(Data):
———
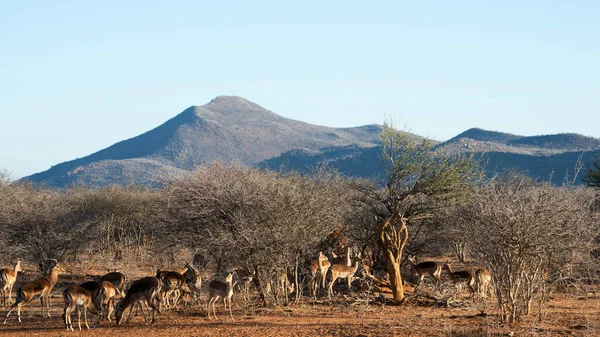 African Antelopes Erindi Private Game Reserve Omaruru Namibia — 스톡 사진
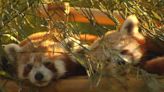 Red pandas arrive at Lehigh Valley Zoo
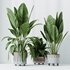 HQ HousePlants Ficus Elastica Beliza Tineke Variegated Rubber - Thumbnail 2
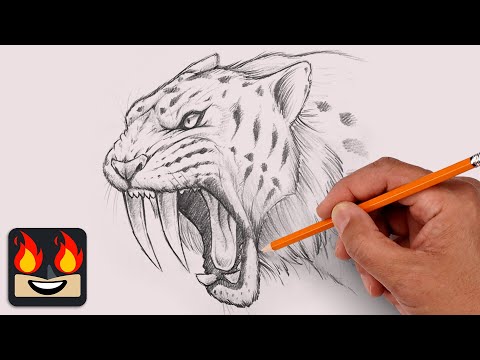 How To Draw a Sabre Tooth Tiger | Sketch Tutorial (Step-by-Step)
———
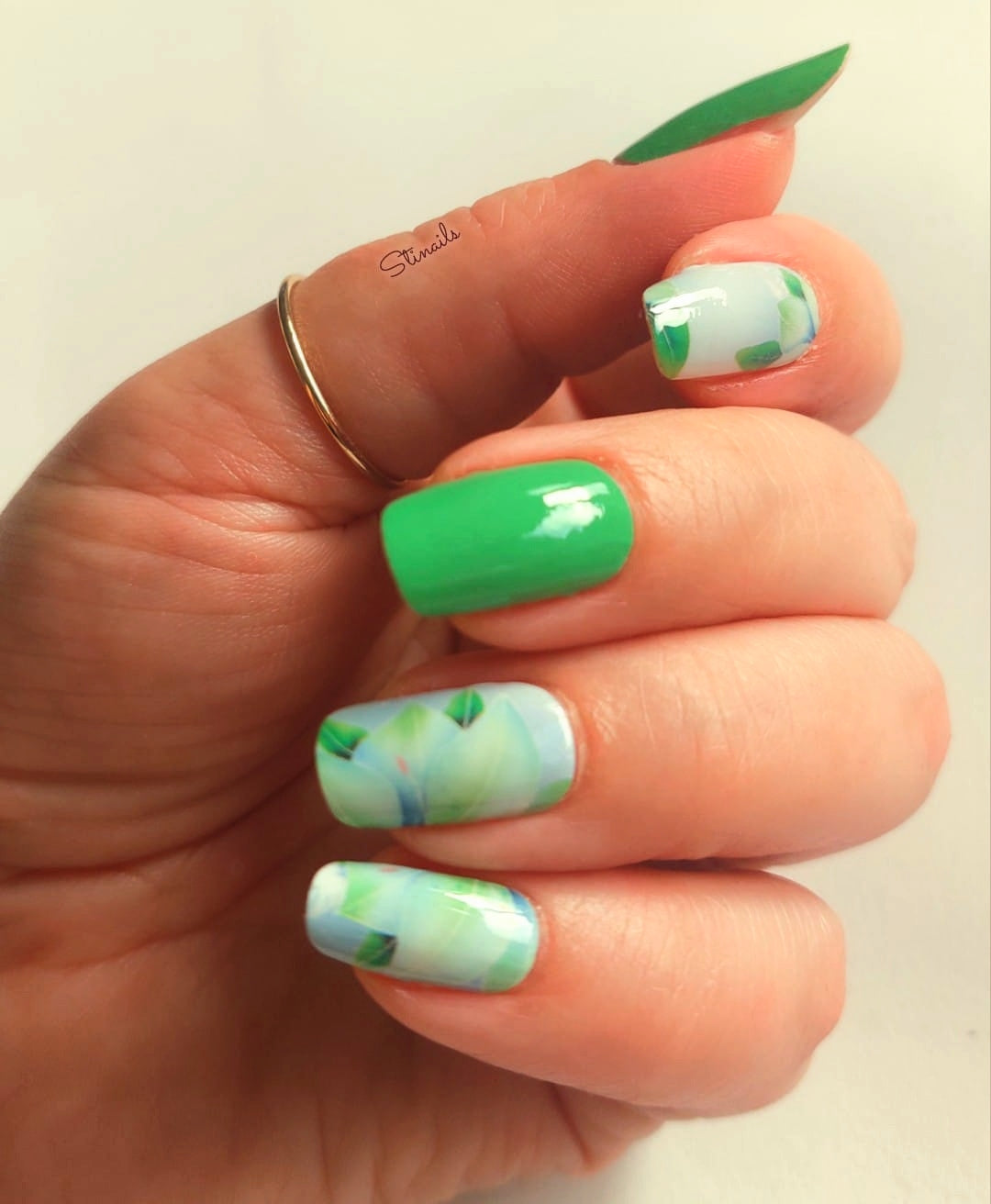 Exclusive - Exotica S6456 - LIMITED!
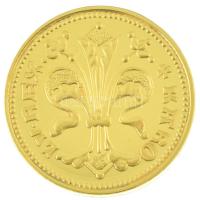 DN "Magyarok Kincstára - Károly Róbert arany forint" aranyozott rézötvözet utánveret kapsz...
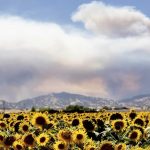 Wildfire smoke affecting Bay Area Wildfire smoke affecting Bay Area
———
(Activity): The material above holds pictures; leave them out. Repeat exactly the lines from the one containing "HQ HousePlants Ficus" through the one containing "How To Draw", and nothing else.

(Solution):
 HQ HousePlants Ficus Elastica Beliza Tineke Variegated Rubber - Thumbnail 2
 How To Draw a Sabre Tooth Tiger | Sketch Tutorial (Step-by-Step)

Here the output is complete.